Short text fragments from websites

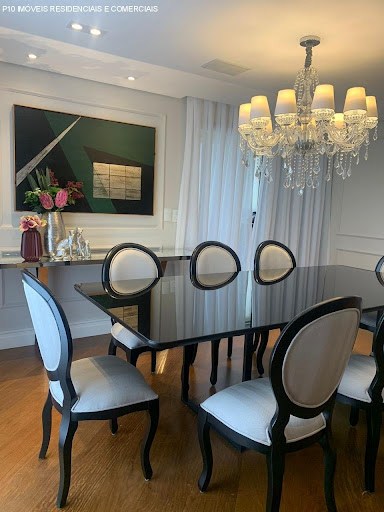 Apartamento, 4 quartos, 250 m² - Foto 14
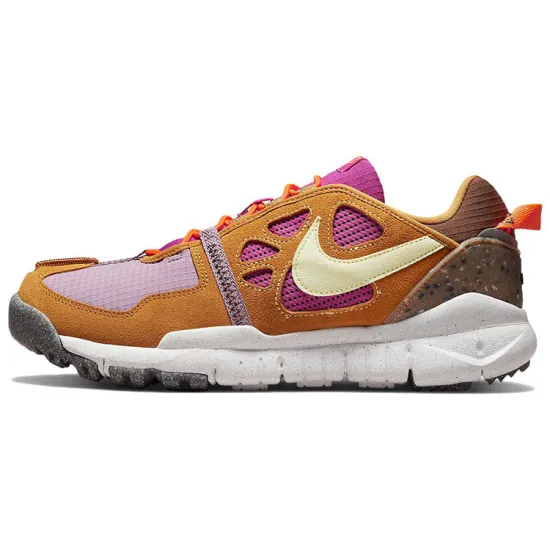 Nike Free Terra Vista Next Nature Desert Ochre
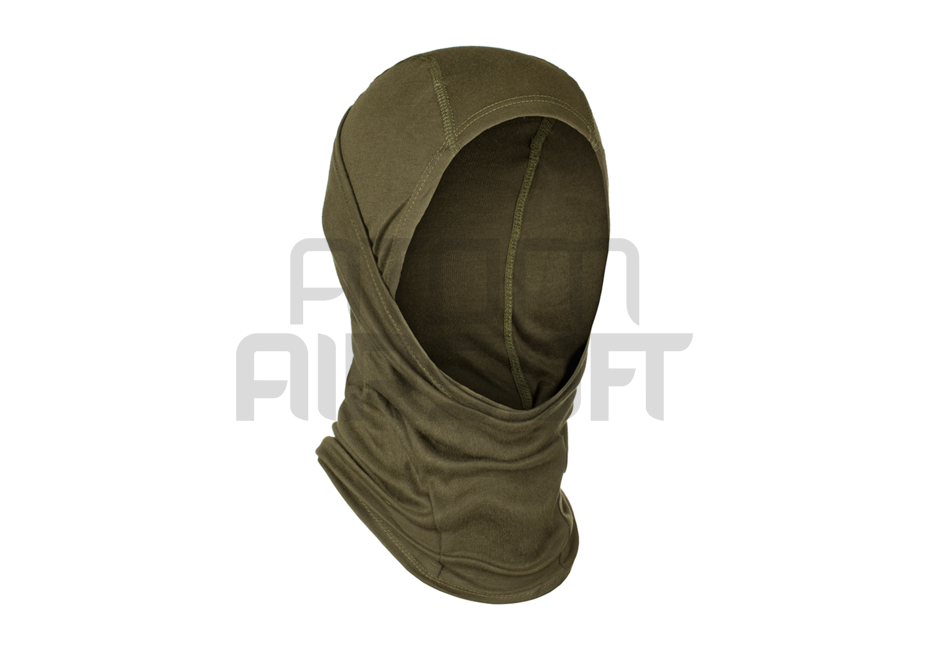 MPS Balaclava, balaclava hood - OD
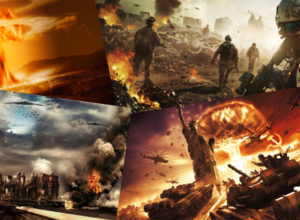 2026-cı ildə ən riskli 7 münaqişə zonası - Siyahı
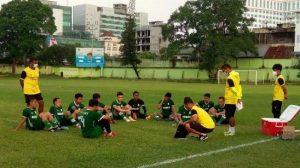 Liga 2 Digelar 26 September, Final 19 Desember 2021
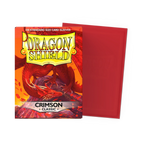 Dragon Shield Classic Sleeves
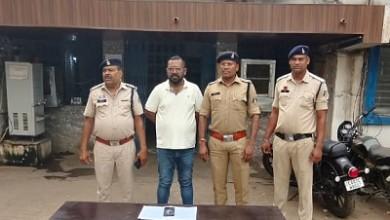 अवैध बांग्लादेशी घुसपैठियों को पनाह देने वाला आरोपी गिरफ्तार, भेजा गया जेल...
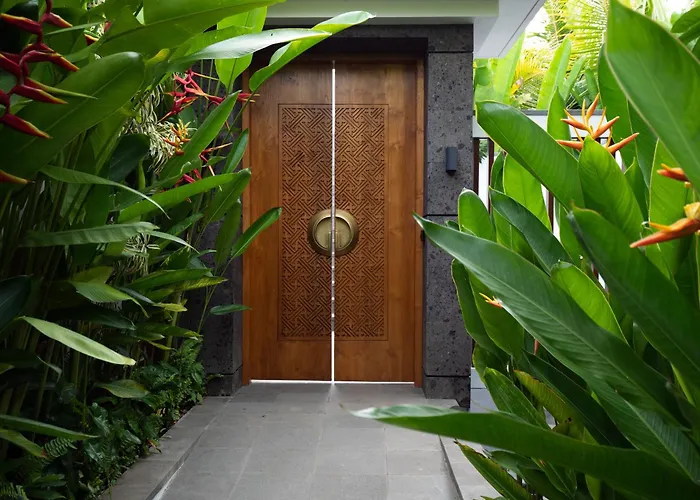 Vacation homes Eaze s Uluwatu
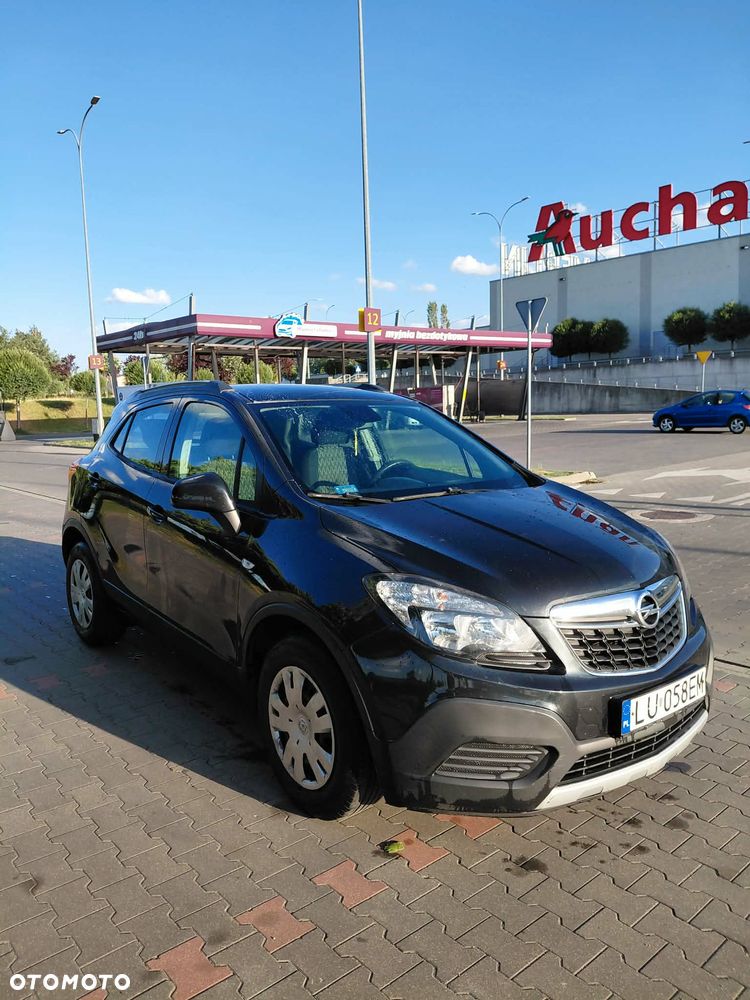 Opel Mokka 1.6 Active S&S - 1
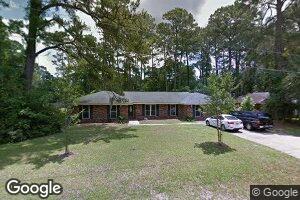 612 Quarterman Dr, Savannah, GA 31410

**AIM OF THE EXERCISE**: Give back every record above word for word; the pictures have no place in it.

**ANSWER**:
 Apartamento, 4 quartos, 250 m² - Foto 14
 Nike Free Terra Vista Next Nature Desert Ochre
 MPS Balaclava, balaclava hood - OD
 2026-cı ildə ən riskli 7 münaqişə zonası - Siyahı
 Liga 2 Digelar 26 September, Final 19 Desember 2021
 Dragon Shield Classic Sleeves
 अवैध बांग्लादेशी घुसपैठियों को पनाह देने वाला आरोपी गिरफ्तार, भेजा गया जेल...
 Vacation homes Eaze s Uluwatu
 Opel Mokka 1.6 Active S&S - 1
 612 Quarterman Dr, Savannah, GA 31410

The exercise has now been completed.